In 2016, Brent crude oil prices had a significant turnaround as they moved from $27.8 per barrel in January to $56.82 per barrel in December. Despite the sharp turnaround in oil prices, Spirit Airlines’ shares were up 45%, throwing light on its ability to grow well in a high oil price environment.

After benefiting from exceptionally low fuel prices last year, the low-cost carrier dealt with high fuel prices heading into 2017 as Brent crude oil hovered around $55 per barrel throughout the starting two months of the year. Due to this, the airline reported an average economic fuel cost of $1.77 per gallon in the first quarter, representing a surge of 55 cents compared to the same quarter of the previous fiscal.

Oil prices, however, have plunged. They currently sit around $45.62 per barrel. Additionally, the drop in crude oil prices has pulled jet fuel prices lower, which appears to be great news for airline stocks. While lower fuel prices will positively impact all airlines, rapidly growing airlines should benefit the most as lower fuel prices will enable them to offer lower fares to buoy up new demand without compromising their margins.

Spirit Airlines is one of the fastest-growing airlines in the U.S. The low-cost carrier has surged its capacity by approximately 15% in the first half of this year, equal to intended growth of around 17% for the full year.

The company's first-quarter earnings report was dull, with declines in operating margin, unit revenue as well as new income compared to the year-ago period. That appears to be a near-term problem, however, as unit revenue is almost certain to return to growth, paving the way for robust earnings in the second half of the year.

According to a report from International Air Transport Association (IATA), the airline industry is projected to reach total revenues of $736 billion this year, driven mainly by the strong performance of airlines in North America. Keeping in mind the increasing customer demand, Spirit Airlines has a huge opportunity for growth.

On the other hand, the low-cost carrier canceled many flights in early May due to a dispute between management and the company's pilots. This incident negatively impacted Spirit's efforts to repair its brand image. The company, however, did not suffer long-term damage as it recently announced booking levels are returning to normal at a healthy rate.

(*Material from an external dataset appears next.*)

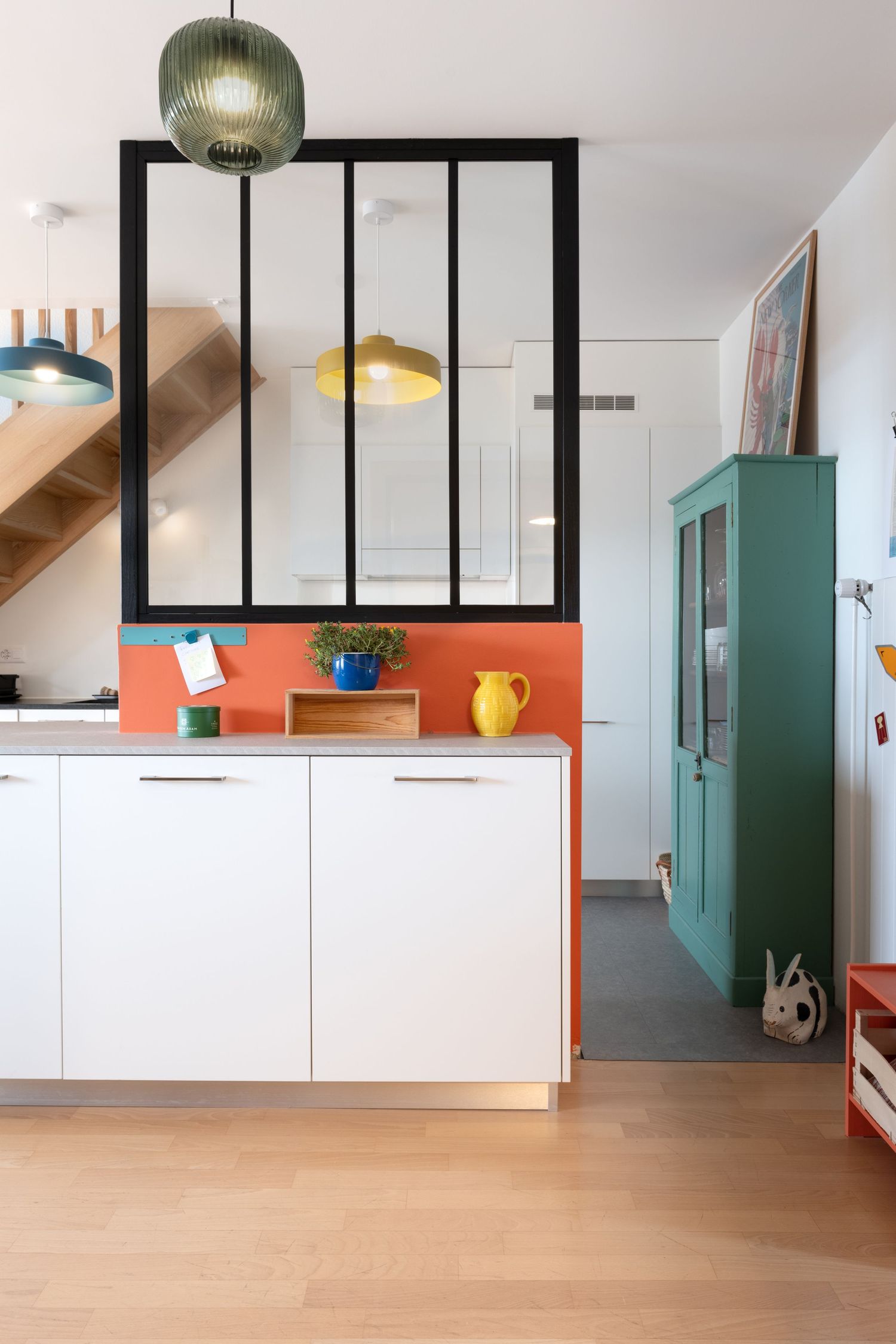 Living Etc, 12 Ways Designers Use Interior Windows Between Rooms, L'Agencerie, February 2025 Kitchen interior photography in article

Furthermore, Spirit is aggressively focusing on enhancing its on-time performance as well as customer satisfaction. The company’s unique business model and relentless efforts to improve its services will indeed reap fruitful results in the years ahead.

Summing up

Although numerous flight cancellations last month will have an adverse impact on Spirit’s second-quarter earnings, it does not appear to be a long-term issue. On the other hand, oil prices have plunged nearly 20% this year. The swiftly rising domestic oil rig count indicates supply will increase, preventing the oil prices from moving upward in the near term.

The airline is changing the way people understand the cost of airline prices and currently trades with a price-earnings (P/E) ratio of 15.6, suggesting it is undervalued. As a result, shareholders should continue holding the stock as Spirit Airlines has a good business model and lower oil prices will help improve margins.

Disclosure: No position in the stocks mentioned in this article.